Chemical sensing of water contamination by heavy metal ions is key as it represents a most severe environmental problem. Liquid-phase exfoliated two-dimensional (2D) transition metal dichalcogenides (TMDs) are suitable candidates for chemical sensing thanks to their high surface-to-volume ratio, sensitivity, unique electrical characteristics, and scalability. However, TMDs lack selectivity due to nonspecific analyte-nanosheet interactions. To overcome this drawback, defect engineering enables controlled functionalization of 2D TMDs. Here, ultrasensitive and selective sensors of cobalt(II) ions via the covalent functionalization of defect-rich MoS 2 flakes with a specific receptor, 2,2':6',2″-terpyridine-4'-thiol is developed.
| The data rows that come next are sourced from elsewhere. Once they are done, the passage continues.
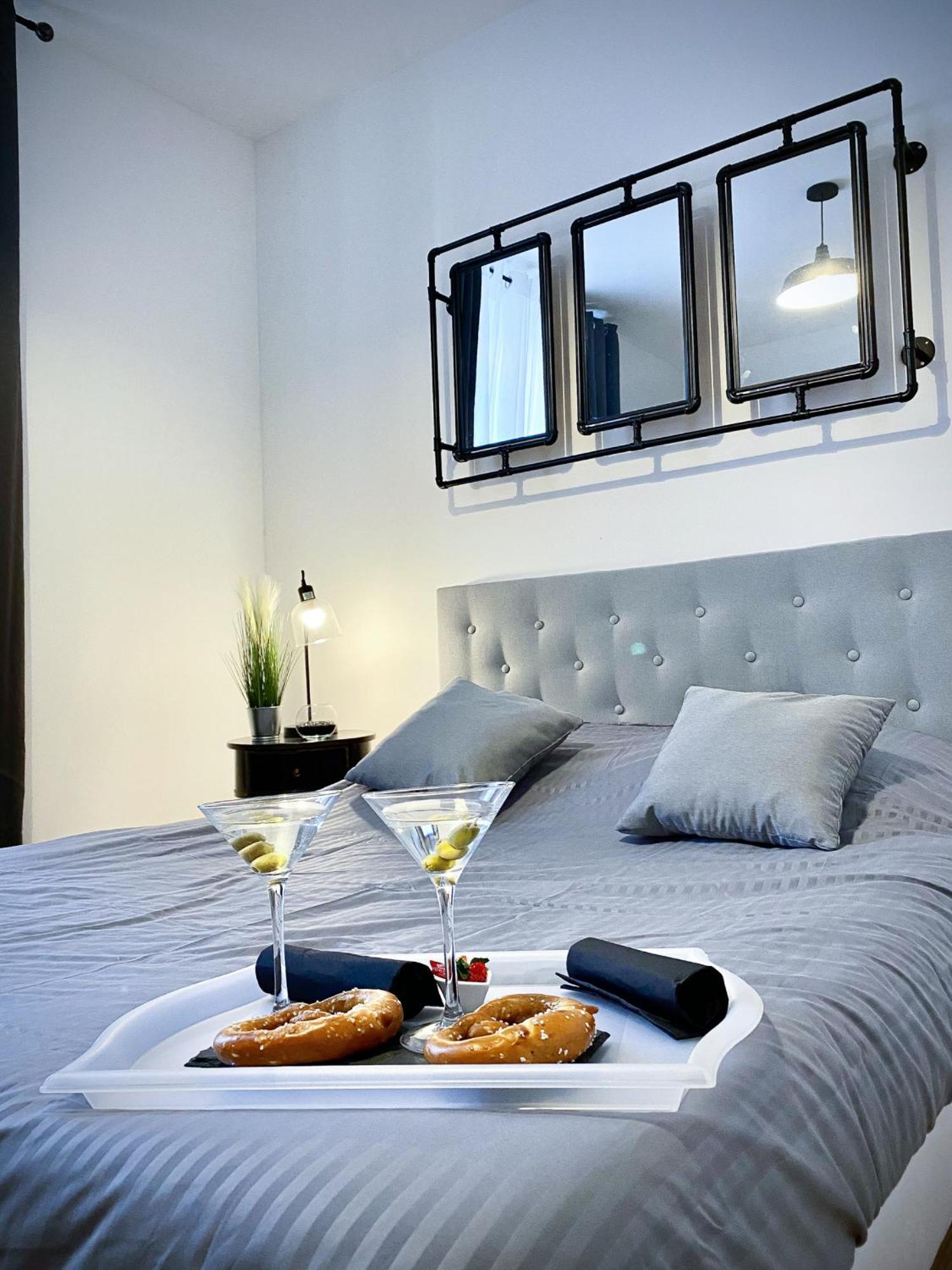 Le convivial, appartement Centre ville Mulhouse Chambre photo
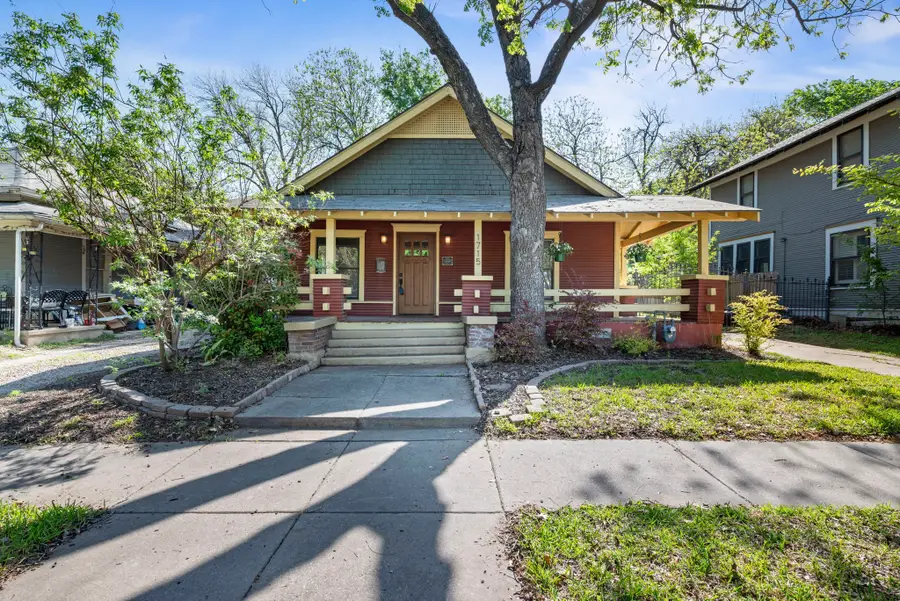 1715 College Avenue, Fort Worth, TX 76110 - Image #2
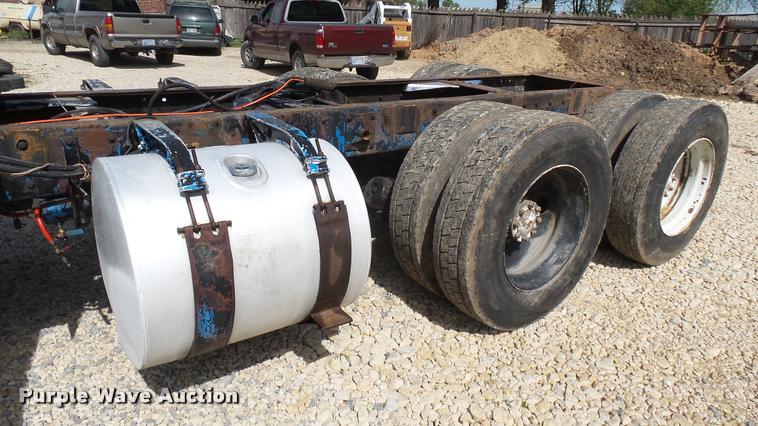 image for item DA7805 1974 Kenworth truck chassis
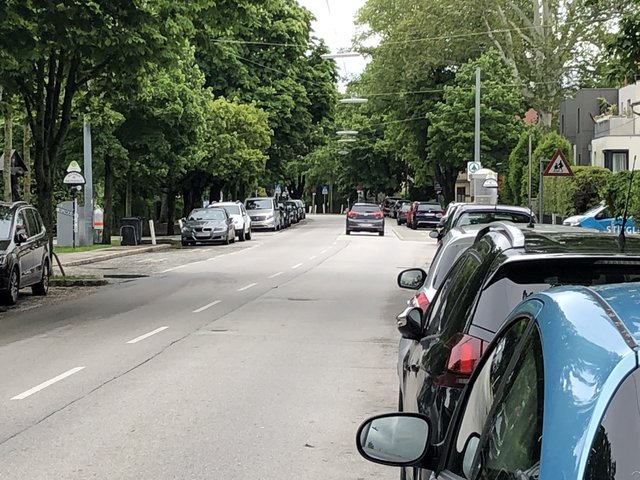 Parkplätze sind auf der Hauptstraße Mangelware. Ein Antrag auf Prüfung eines Parkpickerls wurde dennoch abgelehnt.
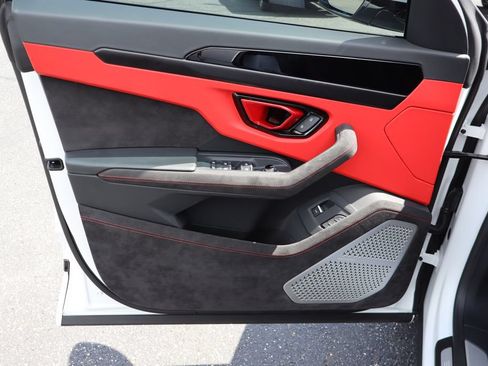 Used 2024 Lamborghini Urus S AWD/4WD image 27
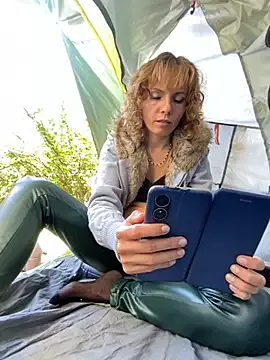 Stephania – webcam model profile photo Image 11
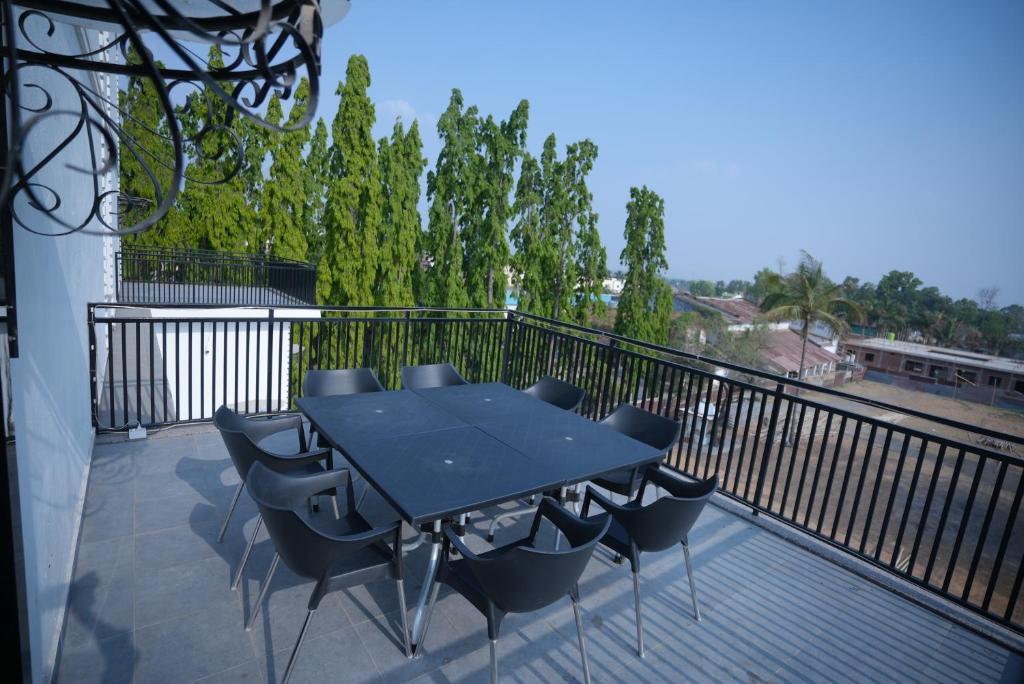 Hotel Makhan Vihar photo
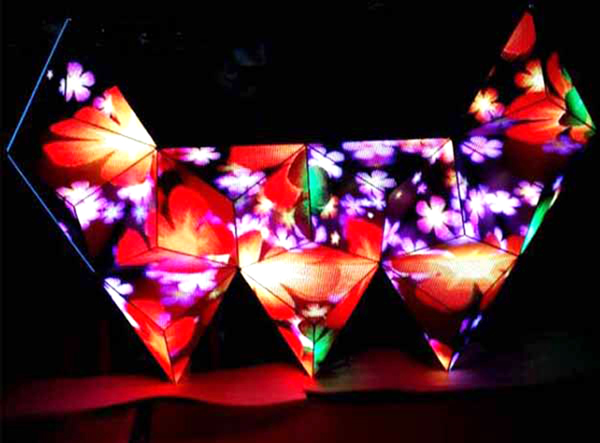 Maaayos pa ba ang full-color na LED display na may color distortion pagkatapos pumasok ang tubig sa tag-ulan?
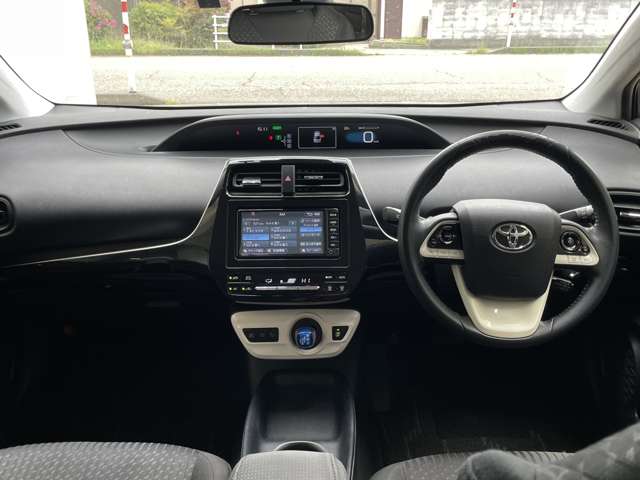 トヨタ プリウス １．８ Ｓ H29年 (甲信越・北陸) 99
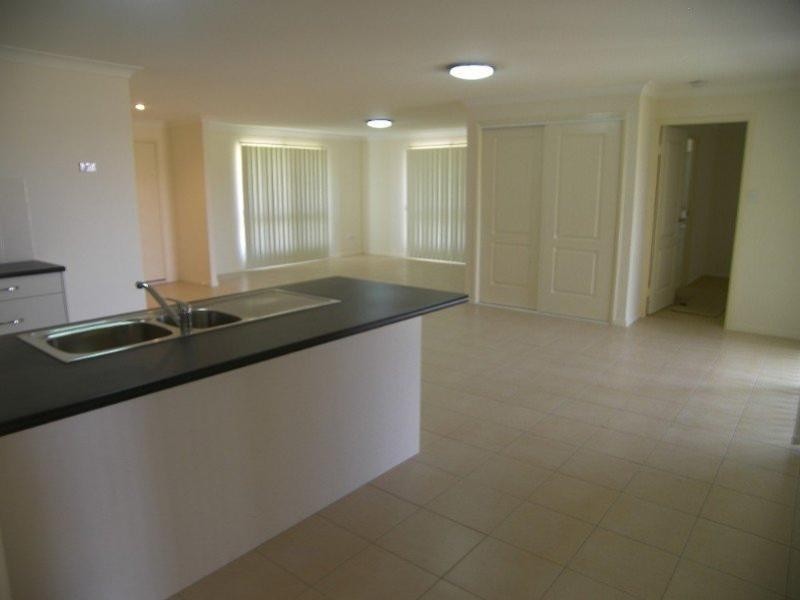 1 Anna Meares Avenue, Gracemere QLD 4702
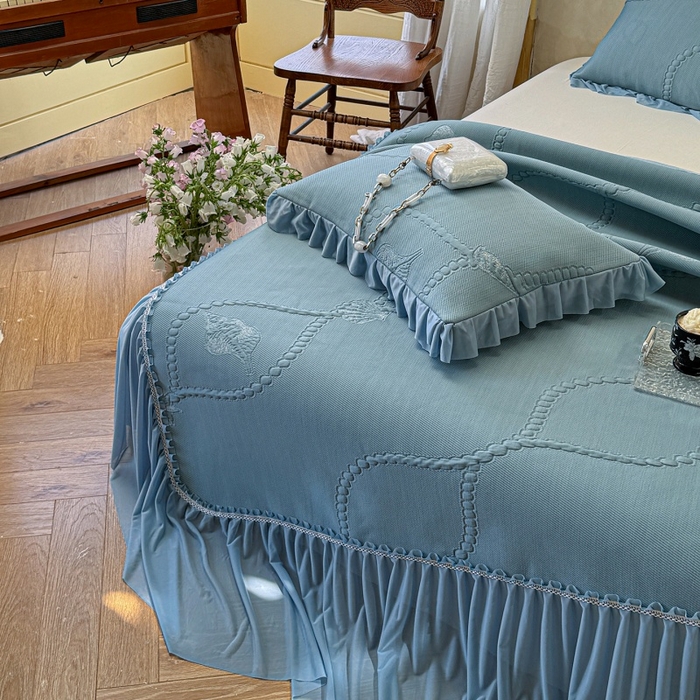 91家纺网 家纺一手货源 找家纺 赫本家纺  2026新款PE高分子单泡提花凉感复合凉席三件套 青屿晚风-蓝（三明治复合）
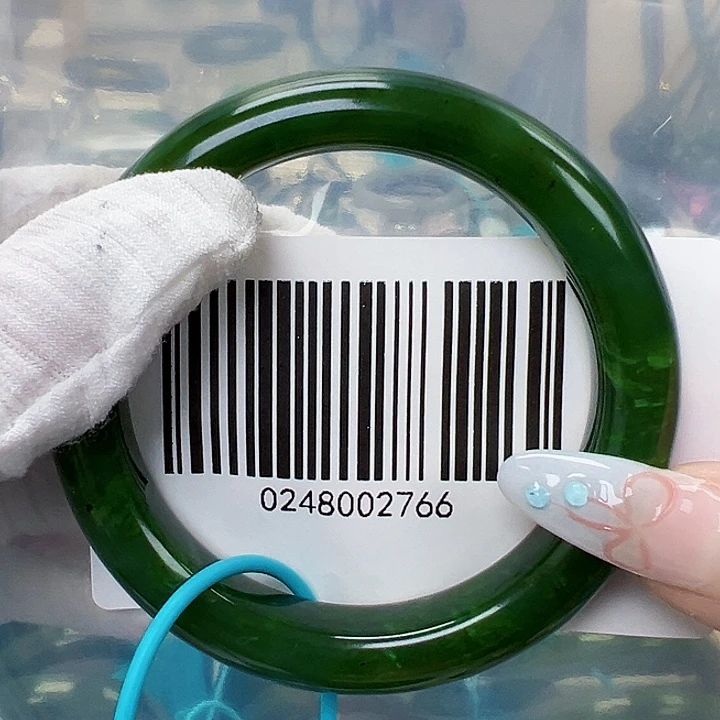 和田玉未镶嵌手镯包容5657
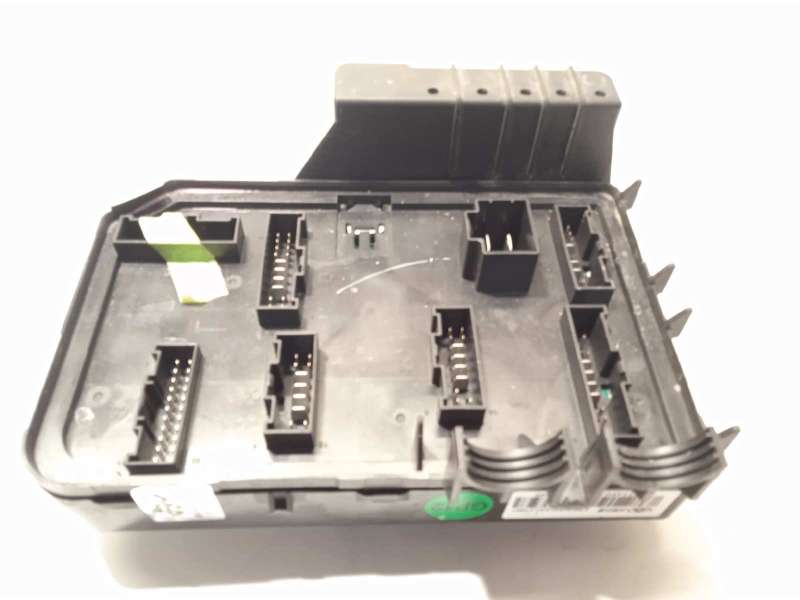 Recambio de caja reles / fusibles para maxus edeliver 9 furgoneta electric (sv63c, sv63d) referencia OEM IAM C00365214 - Blanco 3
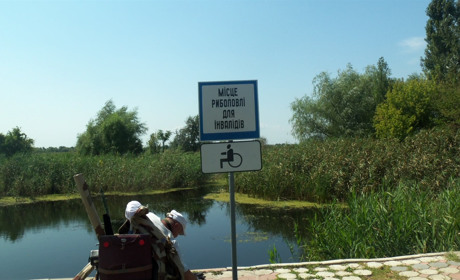 На Дитячому пляжі у Біляївці з'явилося місце для людей з інвалідністю, де вони можуть рибалити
A continuous network is assembled by healing of MoS 2 sulfur vacancies in a tailored microfluidic approach, enabling high control over the assembly of thin and large hybrid films. The Co 2+ cations complexation represents a powerful gauge for low concentrations of cationic species which can be best monitored in a chemiresisitive ion sensor, featuring a 1 pm limit of detection, sensing in a broad concentration range (1 pm - 1 µm) and sensitivity as high as 0.308 ± 0.010 lg([Co 2+ ]) -1 combined with a high selectivity towards Co 2+ over K + , Ca 2+ , Mn 2+ , Cu 2+ , Cr 3+ , and Fe 3+ cations. This supramolecular approach based on highly specific recognition can be adapted for sensing other analytes through specific ad-hoc receptors.